When Dan Groover began painting graffiti on public walls around Paris, it was more about having fun and seeing what he could get away with in the middle of the night than deep expressions of an artist’s soul. But once he connected with his heritage in Jerusalem, he realized that street murals are not only a fun pop of color, but can be a window for so many layers of meaning in these spiritually intense times
Jerusalem is a city of ancient alleyways and high-rise buildings, of old-time grocery stores and modern malls, and — tucked behind makeshift stalls or proudly displayed on concrete walls — a surprising array of street paintings and intentional graffiti. Yet while some of this wall art has become iconic for regular passersby, few know that a large portion of the most well-known street paintings were created by an anonymous artist who goes under the name Dan Groover.

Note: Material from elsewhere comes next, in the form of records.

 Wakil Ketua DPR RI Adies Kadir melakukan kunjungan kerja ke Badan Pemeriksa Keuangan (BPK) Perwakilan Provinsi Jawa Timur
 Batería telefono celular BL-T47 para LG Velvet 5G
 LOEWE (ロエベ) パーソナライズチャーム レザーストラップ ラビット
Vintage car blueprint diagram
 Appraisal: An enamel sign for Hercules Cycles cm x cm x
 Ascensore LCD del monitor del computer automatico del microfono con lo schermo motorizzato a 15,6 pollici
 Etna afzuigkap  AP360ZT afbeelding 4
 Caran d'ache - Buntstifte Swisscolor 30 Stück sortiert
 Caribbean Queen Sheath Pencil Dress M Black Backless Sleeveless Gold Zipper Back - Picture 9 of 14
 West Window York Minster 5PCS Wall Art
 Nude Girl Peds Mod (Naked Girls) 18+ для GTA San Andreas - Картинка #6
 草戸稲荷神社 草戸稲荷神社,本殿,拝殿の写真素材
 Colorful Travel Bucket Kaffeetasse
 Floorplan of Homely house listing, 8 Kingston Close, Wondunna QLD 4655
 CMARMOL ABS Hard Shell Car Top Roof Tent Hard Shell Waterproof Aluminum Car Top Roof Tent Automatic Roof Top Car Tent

For years, Groover avoided fame and publicity. He lived in Jerusalem’s Mekor Baruch neighborhood on the other side of Geula, prayed every morning at a local minyan, and learned in a small kollel. Yet toward evening, he’d climb scaffolding with his brushes, cans, and paint sprayers, creating images bursting with color and messages of comfort and hope. Groover was the shadow painter who rarely spoke of his craft, and friends from the minyan or kollel who saw him at work couldn’t believe their eyes. “What are you doing on that scaffold? And what is that painting?” they’d ask in astonishment.
“Well, it’s not exactly that I hid my art, but throughout my life, even before I became Torah-observant, I saw the world as divided into the revealed and the hidden,” he says. “So yes, for a long time, I gravitated to the hidden side. I built the structures beneath the surface, didn’t talk much about what I was doing, and left others to understand my art.”